Every molecule in my brain works furiously to try and process the sight before me.

 

There’s so much blood.

 

Oh my God, and now that I see it I can smell it. The metallic, sharpness of it infiltrates my olfactory and I gag.

 

I can’t move, can’t reason through this.

 

Ryan is still dressed, wearing the same clothes he’d worn to the club, the white shirt molds to his body. But it’s no longer just white; it’s stained a viscous red around the sleeves and edges. The water crashing over him washes away most of the blood. His skin is so red it’s nearly purple.

 

Then it all comes crashing back to me, and where I’d been frozen before, I’m now moving on autopilot.

 

Turn off the water. Crawl into the tub with him.

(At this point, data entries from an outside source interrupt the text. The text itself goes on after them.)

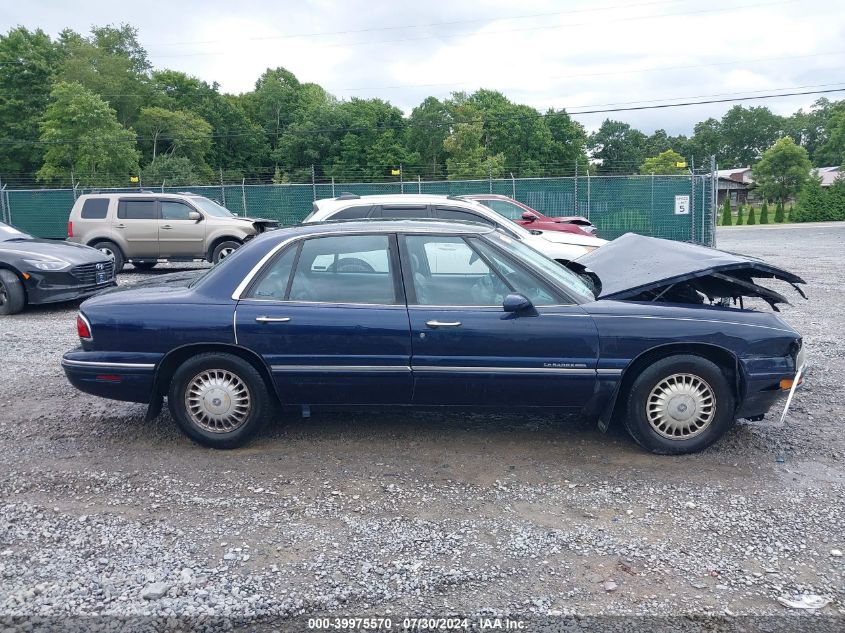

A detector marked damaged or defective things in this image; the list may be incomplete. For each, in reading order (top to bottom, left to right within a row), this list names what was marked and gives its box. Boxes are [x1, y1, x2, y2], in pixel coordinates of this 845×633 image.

damaged hood [572, 233, 804, 310]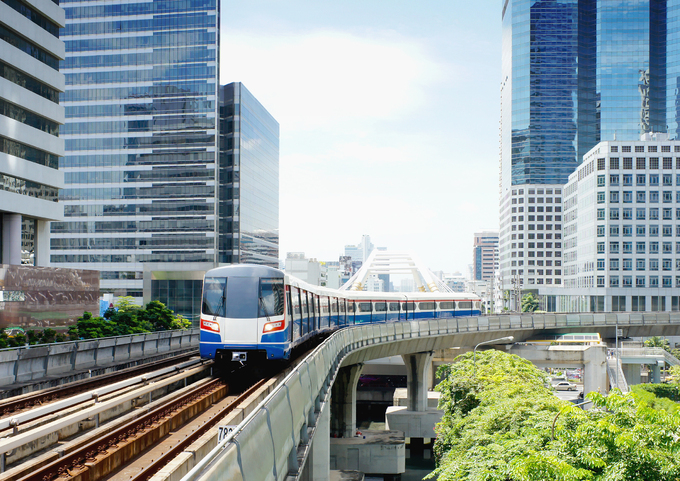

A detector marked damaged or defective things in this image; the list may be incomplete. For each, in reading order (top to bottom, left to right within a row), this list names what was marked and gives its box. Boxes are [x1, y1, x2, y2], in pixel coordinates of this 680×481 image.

rusty rail surface [0, 350, 199, 418]
rusty rail surface [15, 376, 226, 481]
rusty rail surface [130, 376, 270, 480]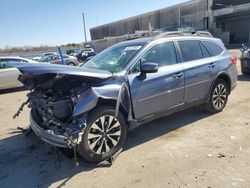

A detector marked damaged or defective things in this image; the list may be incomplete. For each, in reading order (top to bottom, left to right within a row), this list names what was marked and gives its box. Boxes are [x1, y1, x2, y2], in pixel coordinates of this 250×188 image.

dented hood [7, 61, 112, 79]
damaged subaru outback [10, 31, 236, 162]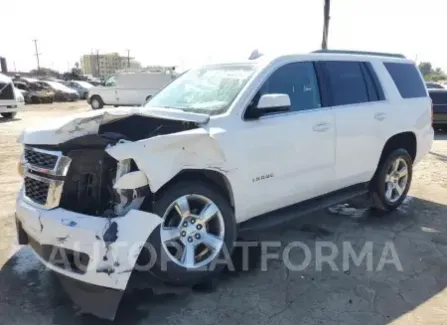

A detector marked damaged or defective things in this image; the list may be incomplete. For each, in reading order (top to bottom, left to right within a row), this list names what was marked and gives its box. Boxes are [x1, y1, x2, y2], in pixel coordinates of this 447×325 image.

damaged front end [14, 107, 210, 318]
crumpled hood [18, 106, 211, 144]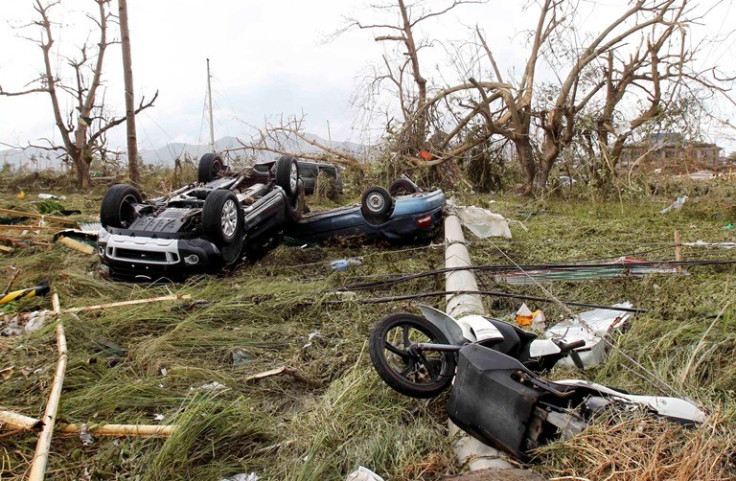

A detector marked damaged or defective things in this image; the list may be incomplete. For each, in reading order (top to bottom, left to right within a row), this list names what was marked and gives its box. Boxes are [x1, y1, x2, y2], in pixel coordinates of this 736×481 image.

Press my fingers to the side of his neck.

 

Pulse is there, slow, but still steady.

 

I slap his cheek.

 

“Wake up, Ryan!” I shake him roughly. “Wake up.”

 

He doesn’t respond.

 

But he’s breathing, though it’s very shallow. He’d cut himself deep, but not deep enough to kill. I hope.

 

Leaning back against the tub, I cradle his body between my legs and pull my phone out of my pocket, punching in 9-1-1 immediately.

 

“911, what’s your emergency?” The woman’s voice sounds bored and robotic.

 

“Please, please, come quick,” I choke back the sob, “my friend’s bleeding everywhere. He cut his wrists.”

 

“Okay, ma’am,” she instructs patiently, “do you know where he’s injured?”

 

I pat his body, looking for the source, finally seeing the thick slashes across both wrists. “He slit his wrists,” my voice stutters.

 

“It’s okay,” she soothes, “now, what I want you to do is to apply some pressure, can you do that?”